■ Recorded data:
——————————

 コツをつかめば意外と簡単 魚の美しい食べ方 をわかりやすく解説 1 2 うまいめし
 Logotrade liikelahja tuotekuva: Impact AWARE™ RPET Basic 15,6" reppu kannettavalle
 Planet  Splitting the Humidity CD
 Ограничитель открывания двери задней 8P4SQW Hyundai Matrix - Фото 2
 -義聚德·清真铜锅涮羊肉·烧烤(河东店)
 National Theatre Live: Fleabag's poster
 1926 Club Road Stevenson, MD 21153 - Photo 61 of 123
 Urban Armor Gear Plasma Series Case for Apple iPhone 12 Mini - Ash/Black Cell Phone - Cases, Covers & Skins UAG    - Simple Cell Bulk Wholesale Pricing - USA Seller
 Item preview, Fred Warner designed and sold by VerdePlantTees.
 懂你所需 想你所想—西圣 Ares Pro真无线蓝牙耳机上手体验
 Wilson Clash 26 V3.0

——————————

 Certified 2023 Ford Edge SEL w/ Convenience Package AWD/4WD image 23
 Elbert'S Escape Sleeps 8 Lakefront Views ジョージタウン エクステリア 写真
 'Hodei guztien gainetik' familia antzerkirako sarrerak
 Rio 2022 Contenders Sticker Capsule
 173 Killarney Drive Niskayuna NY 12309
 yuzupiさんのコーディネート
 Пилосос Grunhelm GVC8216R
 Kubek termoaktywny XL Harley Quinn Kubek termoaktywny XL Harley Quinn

——————————

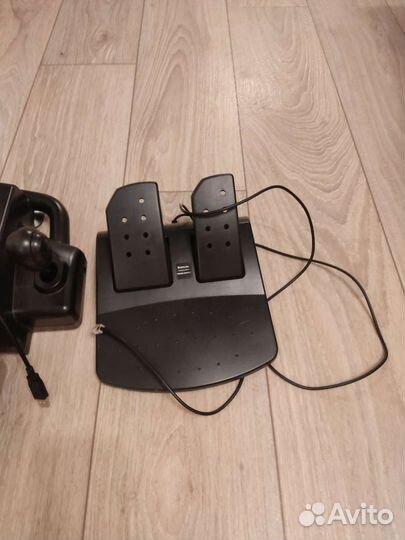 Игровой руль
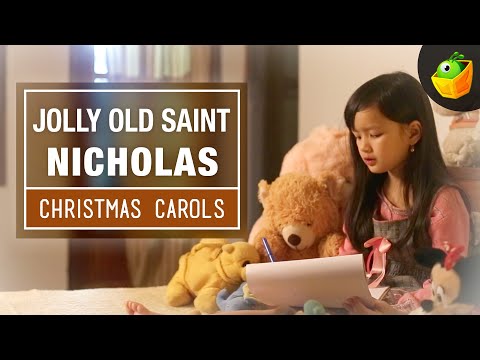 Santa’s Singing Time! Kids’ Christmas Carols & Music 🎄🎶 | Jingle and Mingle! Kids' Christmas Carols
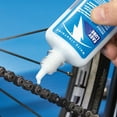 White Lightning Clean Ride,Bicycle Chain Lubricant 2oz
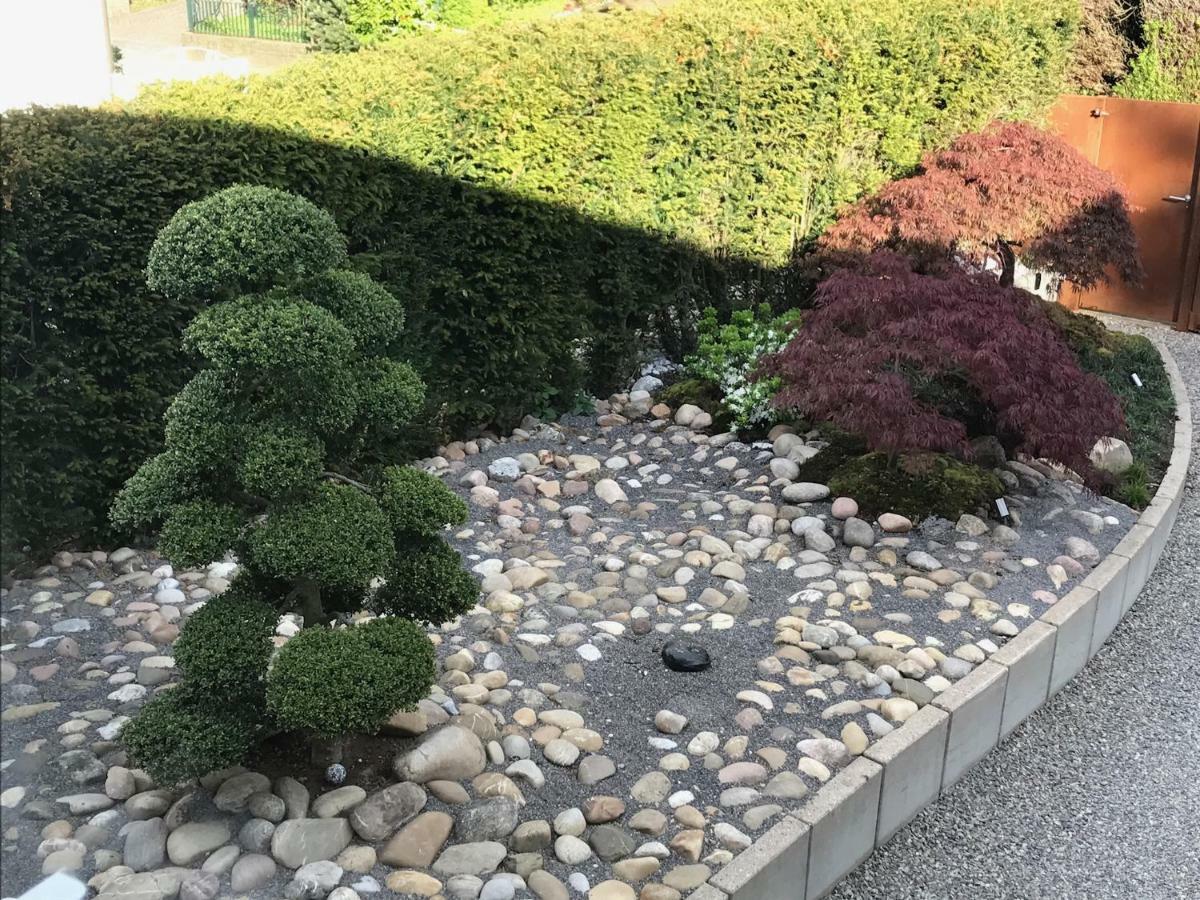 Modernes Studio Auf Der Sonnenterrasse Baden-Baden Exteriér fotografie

——————————

■ Exercise: Reproduce word for word the material above, starting with the line that has "the Humidity CD" and stopping after the line that has "Wilson Clash 26 V3.0".

■ Response:
 Planet  Splitting the Humidity CD
 Ограничитель открывания двери задней 8P4SQW Hyundai Matrix - Фото 2
 -義聚德·清真铜锅涮羊肉·烧烤(河东店)
 National Theatre Live: Fleabag's poster
 1926 Club Road Stevenson, MD 21153 - Photo 61 of 123
 Urban Armor Gear Plasma Series Case for Apple iPhone 12 Mini - Ash/Black Cell Phone - Cases, Covers & Skins UAG    - Simple Cell Bulk Wholesale Pricing - USA Seller
 Item preview, Fred Warner designed and sold by VerdePlantTees.
 懂你所需 想你所想—西圣 Ares Pro真无线蓝牙耳机上手体验
 Wilson Clash 26 V3.0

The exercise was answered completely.